Do you favor the Informed Growth Act, which requires a big-box developer to pay for a regional economic impact study?

LePage: No.

Mitchell: I voted for the Informed Growth Act because it gives communities the tools necessary to evaluate the impacts of large-scale retailers on their small businesses and economic development.

Cutler: I understand and support the goal of the IGA to more fully determine the impact of large-scale developments, especially any adverse impacts they may have on Maine’s communities. At the same time, I am concerned about adding higher costs and greater uncertainty to projects that represent responsible investment in our state and greater opportunities for Maine workers. The IGA has my qualified support, but I also believe it is the kind of new, untested law that needs to be monitored carefully to ensure that it is accomplishing what it was intended to do, and is not simply throwing up another barrier to investment or adding unnecessary time and complication to the permitting process.

Moody: I am not in favor of targeting one business sector over another in paying for economic impact studies. Maine needs to mobilize our existing talent — our state employees — in the task of regional cost assessments. This will not be done with new state employees, but rather with existing manpower.

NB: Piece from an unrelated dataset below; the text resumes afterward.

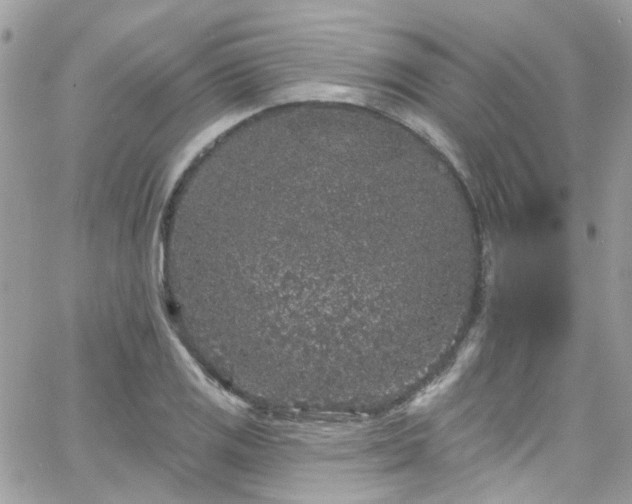 X0000066531125200603241355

Scott: I’m undecided. Certainly, any big development coming into a community should examine and be upfront about all of the impacts, and state agencies such as the DEP have oversight in these areas as well. But too often these “impact studies” are just another way to delay or suspend economic development projects. We need the regulatory process to become more of a vertical coordination, instead of the traditional linear approach, with agencies working independently rather than collaboratively.

 

Would you push for federal reform of the estate tax, which is currently suspended?

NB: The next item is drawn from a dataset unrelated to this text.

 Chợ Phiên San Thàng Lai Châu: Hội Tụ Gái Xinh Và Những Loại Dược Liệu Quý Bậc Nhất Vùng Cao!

LePage: I am focused on state issues at this time.

Mitchell: I would not push for federal reform of the estate tax. However, last year I voted to reduce Maine’s estate tax by more than 20% as part of the tax reform package.

Cutler: If nothing is done at the federal level, estates of more than $1 million will be taxed next year at 55%. This will have a devastating impact on Maine family farms and the many family-owned businesses that contribute so much to the well-being of our state and its economy. I would support higher exemption limits on the value of estates, as well as conformity between state and federal estate tax rates. Maine’s current limit of $1 million, along with our high income tax rate, is driving many successful Mainers to states like Florida, which have neither an income tax nor an estate tax. These are people that we need here in Maine.

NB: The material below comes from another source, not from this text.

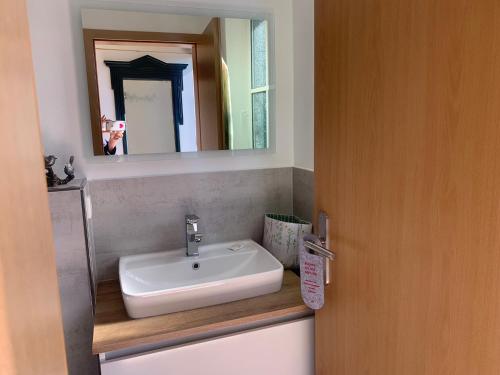 a bathroom with a sink and a mirror at Reeser Schatzkästchen in Rees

Moody: Yes. The estate tax is denying Maine families of much-needed capital for reinvestment in their families and businesses. The story of a man in Rockland comes to mind. He told me of the tax incurred when his father, a man who built his private, successful business, passed away and transferred his company and its wealth down to his son. The tax on his fathers’ estate was equivalent to the cost of a new piece of equipment used in the company’s regular order of business. Taking investment capital away from business is not acceptable, especially in our current economic climate.

Scott: Yes. There is a lot of misinformation about the estate tax, both at the state and federal levels. In 2009, the federal estate tax only affected estates valued at over $3.5 million for individuals and $7 million for couples, and an estate that is passed on to your spouse is exempt from taxation. There are other exemptions available as well. For example, we need to make sure that the estate tax doesn’t prevent farms or family businesses from being sold just to pay the taxes. That’s wrong.